Digo esto porque, este año, el viento de levante obligó a aplazar la cabalgata de carnaval, así como otros actos, a este pasado fin de semana. Por esta razón los alocados hijos de don Carnal ocupaban todavía las calles cuando se disponían ya a apropiárselas las circunspectas huestes de doña Cuaresma. Esto, según llega a mis oídos, ha provocado cierto estado de tensión entre los partidarios de ambos bandos, por más que los haya que empuñan el cirio apenas abandonan el plumero.

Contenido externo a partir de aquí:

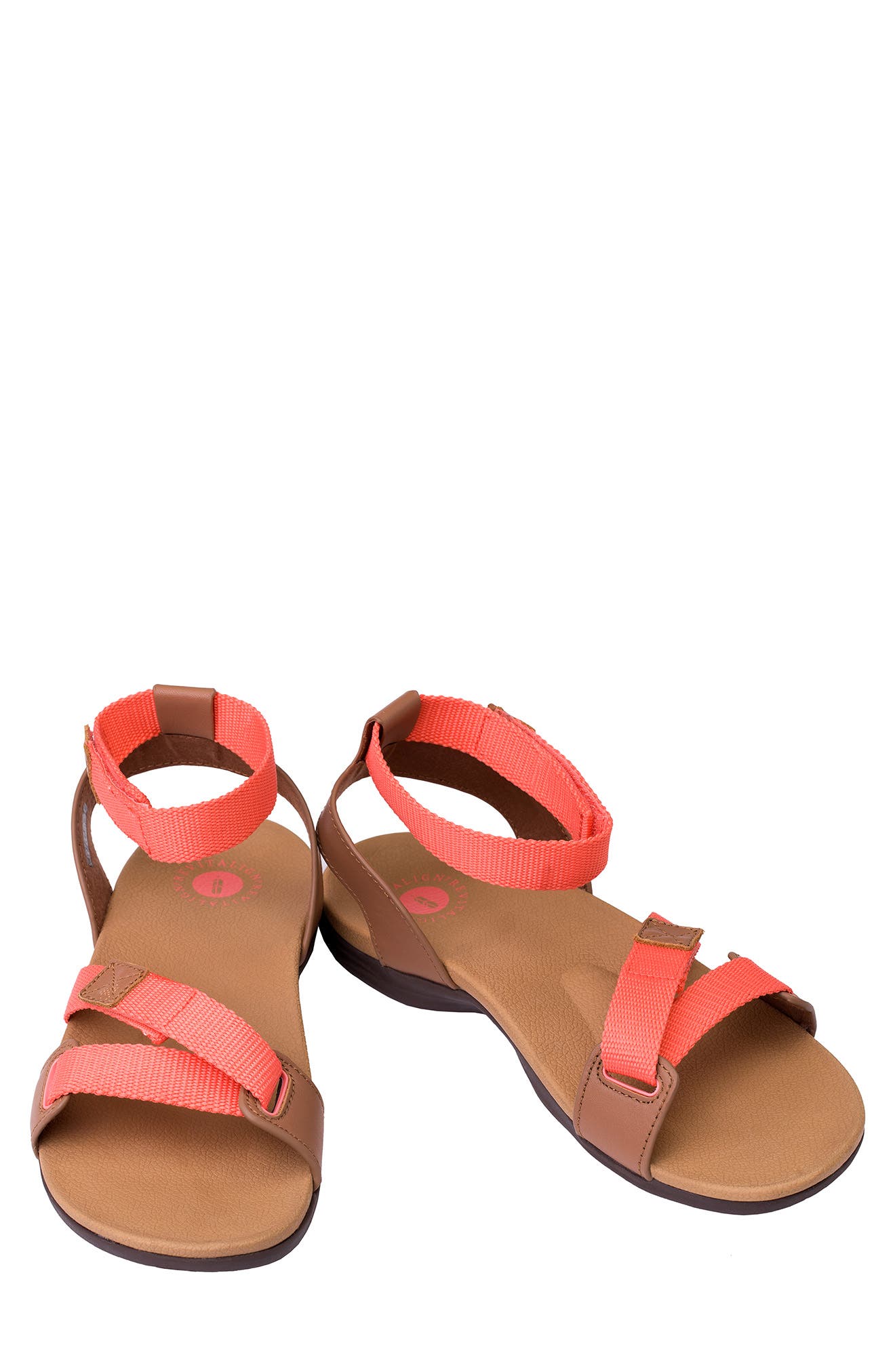 Webbed Orthotic Leather Sandal, Alternate, color, ROSE PORCELAIN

Cuando la Iglesia católica heredó el poder de los desaparecidos emperadores romanos, no le quedó otra que dejar abierta la espita de la fiesta pagana de las carnestolendas para dar salida a los bajos instintos del personal, pero estableciendo, eso sí, el pertinente periodo de purificación de los cuarenta días que dan paso a la Semana Santa. La curia vaticana también ha tenido que hacer de tripas corazón para permitir cualquier tipo de manifestación religiosa en plena calle, donde resulta difícil someter a los fieles a los necesarios controles del rito, pero transigió aceptando los desfiles procesionales, también de raíz notoriamente pagana, como una forma de captar clientela.

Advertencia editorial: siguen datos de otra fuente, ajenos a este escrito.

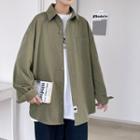 Long-sleeve Plain Shirt Jacket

Este fin de semana, pues, hemos sufrido la tensión latente entre esas dos formas de entender la vida, la alegre de la carne, por más que la versión light de nuestros carnavales no tenga nada que ver con la liberación orgiástica en la que encontraron su origen, y la del espíritu culpable que ha de expiar sus pecados. Las protestas de los unos por no poder mostrar públicamente su firme compromiso con los cielos mientras los otros continuaban entregados a sus desenfrenados disfrutes terrenales. De este modo el primer viacrucis se vio obligado a desfilar sobre las cenizas aún calientes de la quema de la bruja.